The General Commissioners, however appointed, have to have these qualifications originally; they have to keep them during their period of office. I suppose that if they failed to keep them some of their decisions might become rather doubtful since they would no longer be qualified. That might inure to the advantage of the taxpayer, or it might inure to the advantage of the Revenue, but nobody, I am quite certain, wants it to happen. These qualifications take one back a bit, as the saying goes.

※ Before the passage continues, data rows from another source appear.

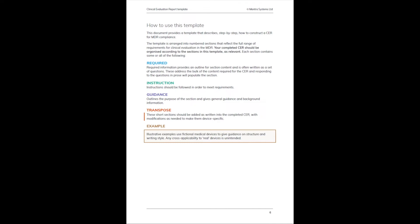They really act as prompts to ensure that you include all relevant material, but they're designed to be device agnostic. So it doesn't matter what sector your device is in—addressing the questions in the required sections will ensure that you have adequate coverage.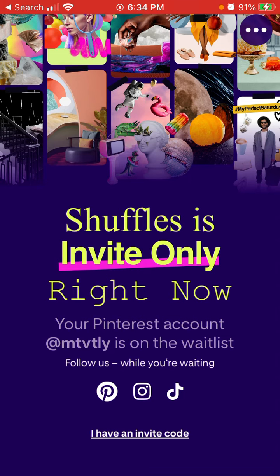I don't know if this app will be open to everyone anywhere soon. I was thinking maybe this app is just banned in all other countries except the US — like only available in the United States and blocking Europe — but no, that's not the case. It's just Pinterest trying to bring more attention to this app.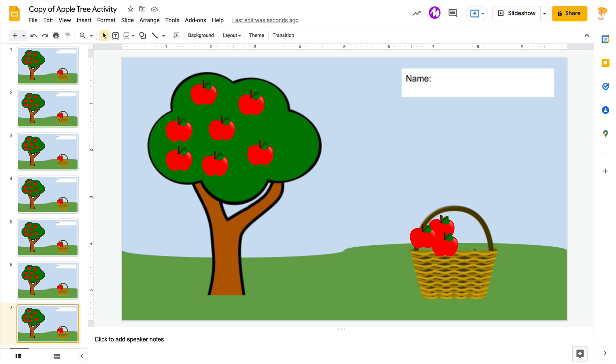Hey y'all, this week's quick tip is a Google Slides tip that is particularly useful if you are doing things like drag-and-drop activities inside Slides.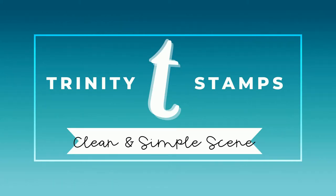Hey everyone, it's Ashley. Welcome back to my channel for another Trinity Stamps video. Today we're going to be making a clean and simple scene for some cute characters.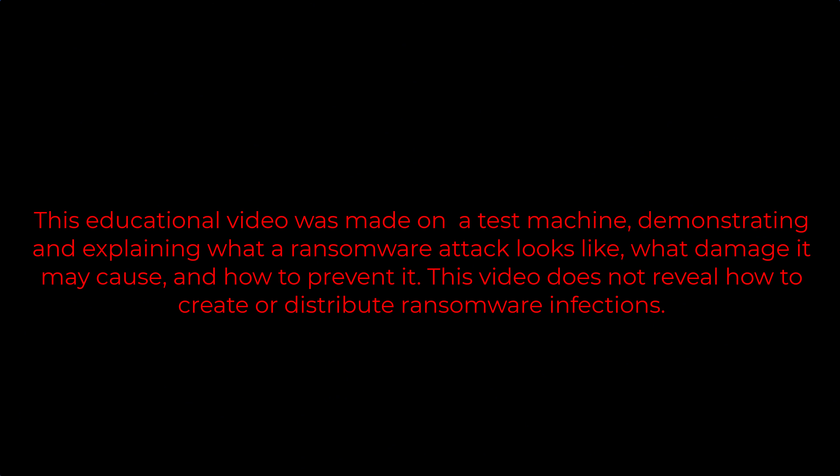This educational video was made on a test machine, demonstrating and explaining what a ransomware attack looks like, what damage it may cause, and how to prevent it. This video does not reveal how to create or distribute ransomware infections.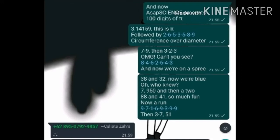And now, ASAP Science presents 100 Digits of Pi.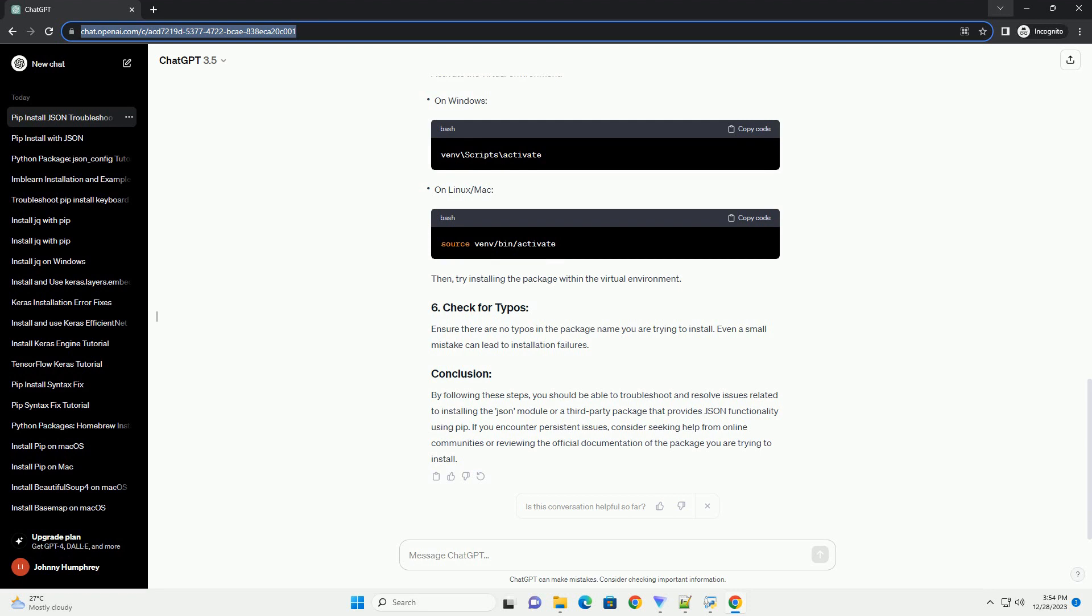Ensure that you are using a compatible Python version. The JSON module is part of the Python standard library and should be available in most Python installations by default. Check if the JSON module is already available in your Python installation. Open a Python interactive shell.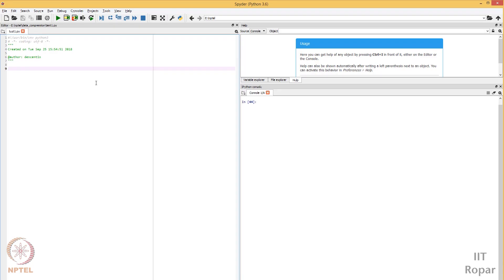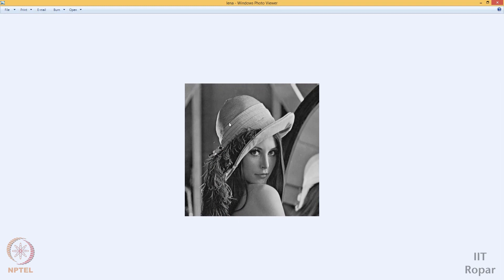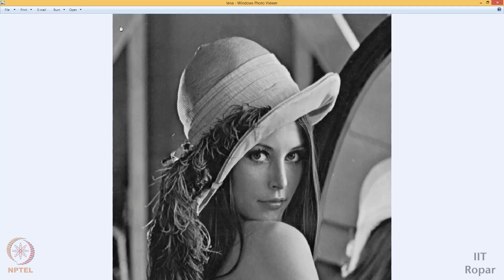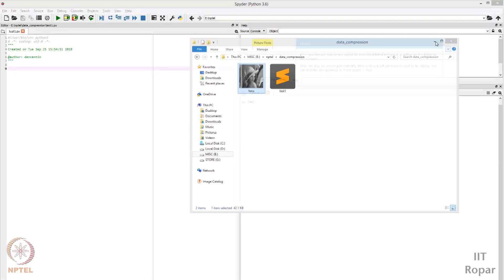We will take a grayscale image and try to compress it. I have an image here — you can search it on Google as 'Lena' — it is a grayscale black and white image. If you load it in Python using the PIL library, it is nothing but a matrix. The size of this image is 512x512, meaning there are 512 rows and 512 columns, so 512x512 pixels, each with a value from 0 to 255.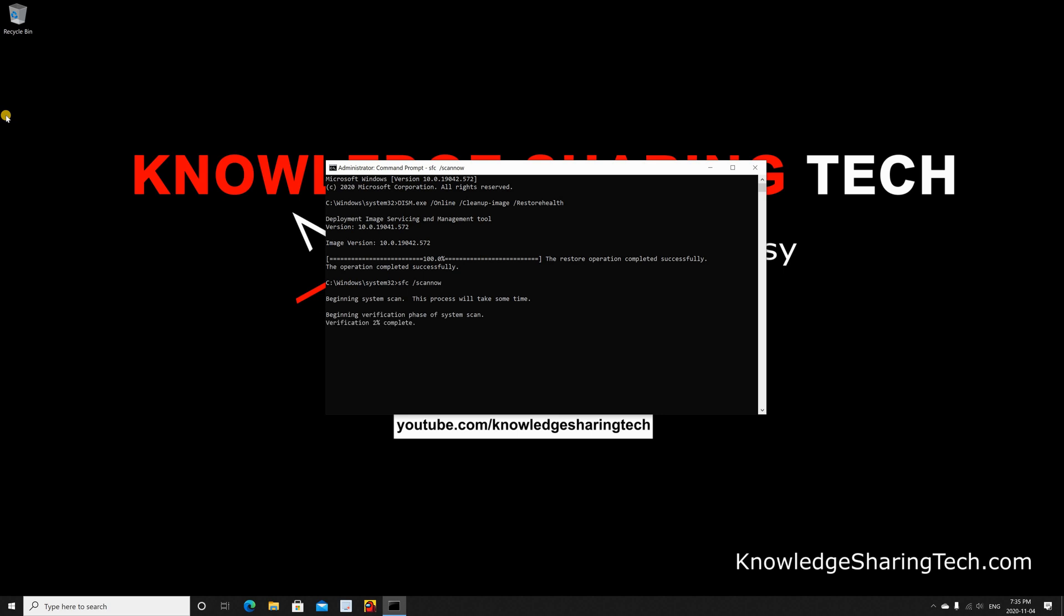It will scan your system files and compare them to the new files it got from the Internet. If it finds corrupted files, it will replace them with the good ones. This also might take a while. It all depends on your hard disk speed. So I'm going to accelerate the video here.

First, they have to hold property. They have got to hold either land, real estate, or they have got to hold personal estate, or they have got to hold a combination of the two, up to a given value, and the given value varies according to where they are sitting and acting. Even the names of the towns indicate Ale antiquity of these qualifications, since apparently the General Commissioners who are sitting in King's Lynn require a higher qualification in property than those who are sitting in, for instance, Bradford, and I do not think that Bradford would like that, if it attaches any importance whatever to the qualifications of the General Commissioners.

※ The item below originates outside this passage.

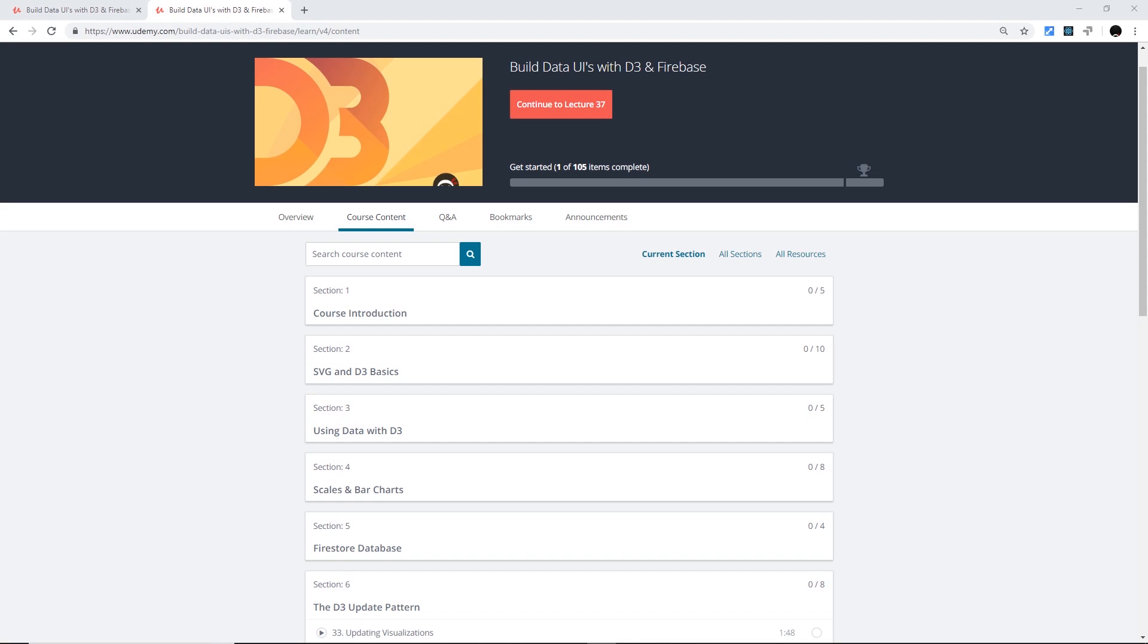Hey gang, I just wanted to update you quickly with a ninja newsflash. I've just released this new course on Udemy called Build Data UIs with D3 and Firebase, and it was really fun to make because you can do some really cool stuff with D3. You can find it right here - I'm going to leave the link down below so you can take a look, and if you follow that link it's going to automatically apply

See what the qualifications are. Within the high-class places like Birmingham and King's Lynn they are £200 a year of real estate, or £5,000 a year, producing an annual income of £200, of personal estate, or combined real and personal estate worth £200 a year. Then there is provision as to how to arrive at the values of these two things in combination. There are also the lower-class places. Wales is distinctly lower, but Scotland, in the county divisions, has fallen lamentably behind. The qualification in the county divisions of Scotland is £150 per annum, but the £ is the £ Scots and, as far as I know, this part of the Statute Book represents the latest if not the only appearance of the £ Scots in our legislation. But when it comes to personal estates in the county divisions of Scotland, they qualify in sterling, and the combined real and personal estates qualify again in £200 sterling per annum. It is obviously necessary, therefore, for the Government of the day to be well acquainted with the £ Scots, its value, and what I might call its permutation and combination possibilities.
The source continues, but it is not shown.